The chasm between the rich and poor has distressed world leaders as both a moral failure and a growing threat to global economic and political stability. In a bold statement last fall, Pope Francis sharply criticized what he saw as the excesses of capitalism, while President Obama called the historic level of wealth disparity and lack of economic mobility in the United States “the defining challenge of our time.”
Just as income trend lines for affluent and poor Americans have dramatically diverged over the last 40 years, so too have the educational achievement rates of their children. Today, residential segregation by income means that public schools with high rates of low-income students face spiraling challenges to prepare children for a workforce that demands high-level skills.
Research shows that while the correlation between parental education and child achievement has remained fairly stable since the 1960s, the relationship between parental income and child achievement has tightened, with income — rather than race — now a strong predictor of student success.
In “Restoring Opportunity: The Crisis of Inequality and the Challenge for American Education” (Harvard Education Press), Richard J. Murnane, Thompson Professor of Education and Society at Harvard Graduate School of Education (HGSE), and Greg J. Duncan, distinguished professor at the University of California, Irvine’s School of Education, examine how income inequality affects students and schools.
The book focuses on three innovative institutions that have taken steps to counteract the achievement burdens that wealth disparity places on schools and students: a pre-K school in Boston, a high school in Brooklyn, and a University of Chicago charter school. All have high academic standards, provide substantial and ongoing support for students and teachers, and maintain common-sense systems of accountability. While unusual, the authors say, the philosophies and practices at these schools could serve as models for change at other schools with similar populations.
“It can be done. It is not impossible to educate even high concentrations of low-income children well,” Murnane said Thursday evening during an Askwith Forum in HGSE’s Longfellow Hall.
Duncan and Murnane spoke about their work and offered some strategic interventions they called “sensible accountability” that schools can adopt. The talk also featured a panel discussion with Martha Minow, Ed.M. ’76, the Morgan and Helen Chu Dean and Professor at Harvard Law School; Clarence Page, a Pulitzer Prize-winning syndicated columnist for the Chicago Tribune; and Paul Reville, the Francis Keppel Professor of Practice of Educational Policy and Administration at HGSE and the former Massachusetts secretary of education.
Given the increasingly complex skills that students must master to succeed in today’s workforce, Duncan and Murnane suggest, schools need to deliver better instruction and learning opportunities, and be rightfully held to higher achievement standards. But too often, teachers and school leaders are not getting the adequate training and support to make those goals a reality.
“At the very time that we’re upping the ante on schools and what they have to do, we’re creating conditions in those schools that make them harder and harder to teach those skills,” Duncan said.

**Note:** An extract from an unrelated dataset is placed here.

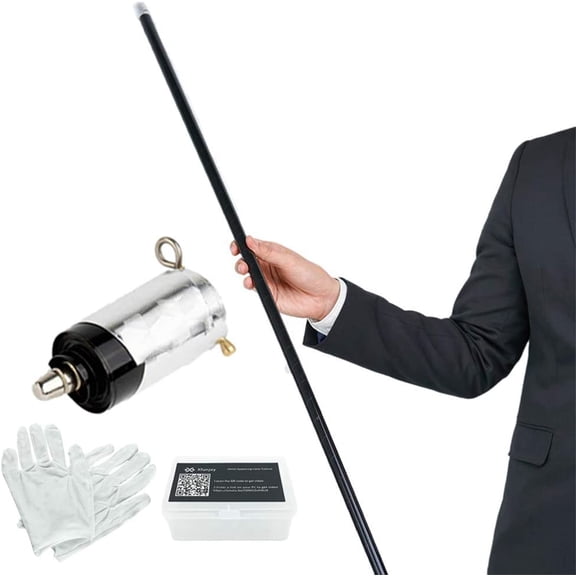 Xfunjoy 43.30"/110cm Black Magic Appearing Cane Magic Staff with Free Gloves and Video Turorial for Professional Magician Stage Street Magic Performance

Numerous past efforts to address the inadequacies of many public schools, such as more per-pupil spending or the creation of charter schools, have failed to consistently slow the trends of the last few decades.
Just as average per-pupil spending in public schools continues to vary widely among communities and states, so does the amount spent on student enrichment outside of school. In 1972-1973, wealthy parents spent $2,857 more per child than low-income parents to supplement learning; in 2005-2006, wealthy parents spent $7,993 more per child, according to the book.
While money and how it’s spent matter, Minow noted, that’s not enough. Research shows that rich and poor students spend equal time looking at computer screens, but their skills from that engagement are not equal, she said.
“The difference is not time on screens, the difference is access to adults and coaches, and are you in a community with other people who help you as you navigate, whether it’s educational stuff or it’s games or whatever,” said Minow. “That’s the difference, and that’s reflected in those [parental] expenditures.”
Minow and Page agreed that one major obstacle to implementing any new idea to improve education broadly is overcoming the public’s disappointment with past reform efforts that simply haven’t delivered on their promises.
“I think the danger is there’s this constant effort in school reform to find the magic bullet, the one thing that’s going to fix things,” Minow said, praising Duncan and Murnane’s emphasis on “sustained intervention,” not a quick fix. “Nothing is sustained; there’s no long-term anything.”
“The fact is that we’re talking about some deeply rooted problems,” Page said.
“Everybody wants better schools. There’s a consensus nationally that we need to improve our schools, that we need to save education,” he said. “There is also a universal disdain for paying for improving schools. However, if we show that change is possible, that change can happen, and can work,” then he thinks we can find “consensus for change.”